David Altmejd commente l'œuvre Untitled 2 (Bodybuilders)
J’ai travaillé sur une série de géants dans laquelle je voulais explorer diverses manières de les concevoir. Il y avait donc des géants poilus, d’autres recouverts de miroir, d’autres encore en fils. L’un était constitué de moulages de mes mains. Leur action était volontairement ambiguë. Étaient-elles en train de former le corps? Ou bien, le détruisaient-elles? Creusaient-elles des trous, déplaçaient-elles la matière? Ou bien, simplement, touchaient-elles ce même corps, introduisant dès lors une dimension plus sensuelle? J’ai par la suite appliqué cette idée à des corps à taille humaine; ce furent les Bodybuilders, lesquels utilisent leurs propres mains pour transporter la matière et transformer leur corps.

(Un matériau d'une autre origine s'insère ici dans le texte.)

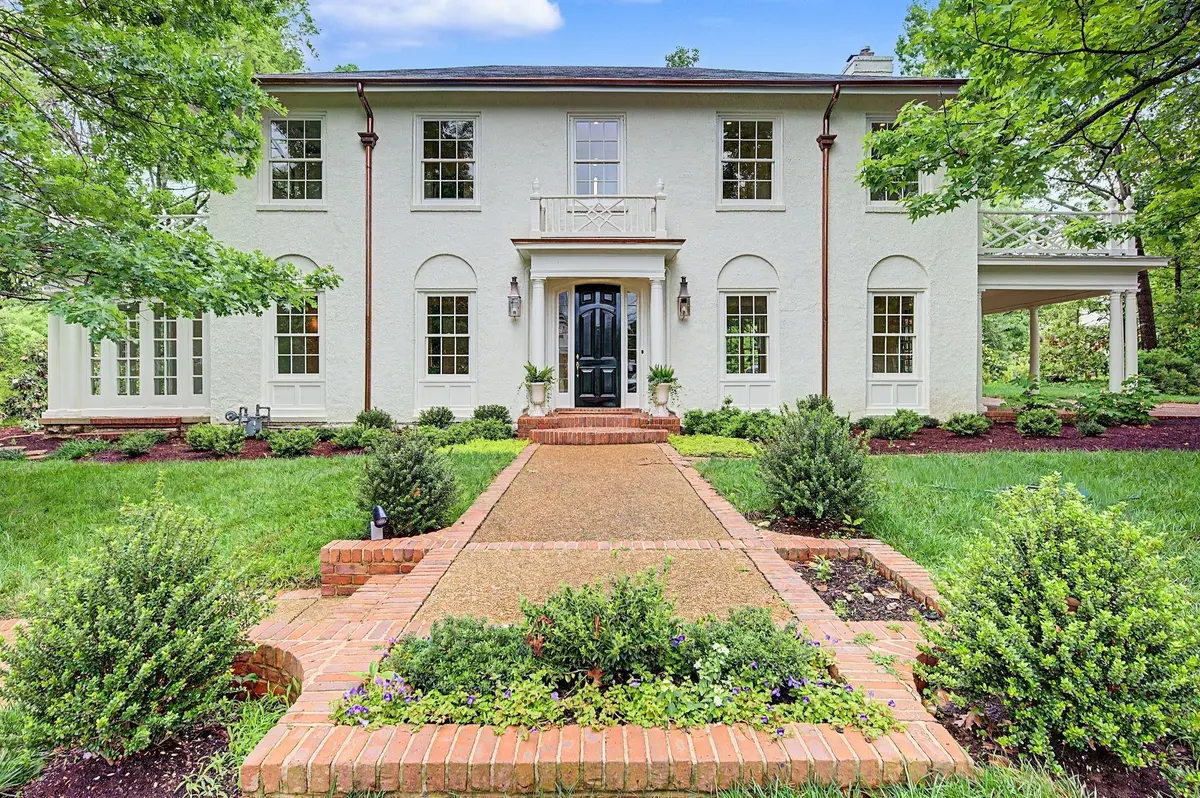 4428 Sheppard Pl, Nashville, TN 37205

Plâtre, bois, mousse, jute
The Brant Foundation, Greenwich, Connecticut
Ce sont des corps qui sont capables de se construire eux-mêmes, c’est pour cela qu’ils s’appellent les Bodybuilders. Évidemment, « bodybuilder » fait référence à « culturiste », mais là ce n’est pas ça. C’est littéralement un corps qui se fait lui-même. Donc, il est capable d’utiliser ses propres mains pour aller chercher la matière à un certain endroit de son corps et la replacer ailleurs. On peut imaginer que ce sont ses mains – d’ailleurs sa tête est faite de mains – que ce sont ses mains dont il s’est servi pour construire tout son corps, et c’est pour cela qu’il s’appelle Bodybuilder. Et j’aime bien l’idée aussi, symbolique un peu, que la tête est faite avec des mains : j’aime l’idée que mes mains contiennent une intelligence et j’aime l’idée aussi que je comprends tout de manière physique. Donc dans ma tête, ma pensée, je comprends les choses en termes de matière. C’est pour cela que symboliquement, je trouvais approprié que la tête soit faite de mains.

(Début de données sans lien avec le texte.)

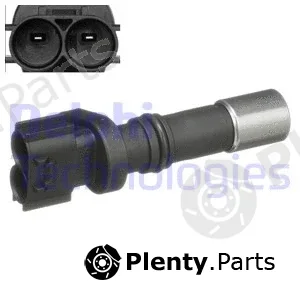 Delphi SS11268 — Sensor, crankshaft pulse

Les touches de couleur – on voit qu’il y a un petit peu de jaune – les touches de couleur en fait, elles sont dues au processus. C’est-à-dire la lame, quand elle est neuve et fraîche, elle est peinturée en jaune. Donc la couleur déteint. Et pour moi, c’est très important aussi que l’objet soit le résultat de sa fabrication. Alors, je ne veux pas enlever ces choses-là. Pour moi, ça fait partie de l’histoire de l’objet, ça fait partie de ce qui le définit, comme une personne est définie par son histoire, est définie par tout ce qui lui est arrivée. Ce serait idiot d’essayer de faire disparaître toute son histoire pour qu’elle devienne une image parfaite. Pour moi, c’est super important de garder toutes ces traces-là, parce que c’est l’histoire de la fabrication, de la construction de l’objet, qui définit sont identité.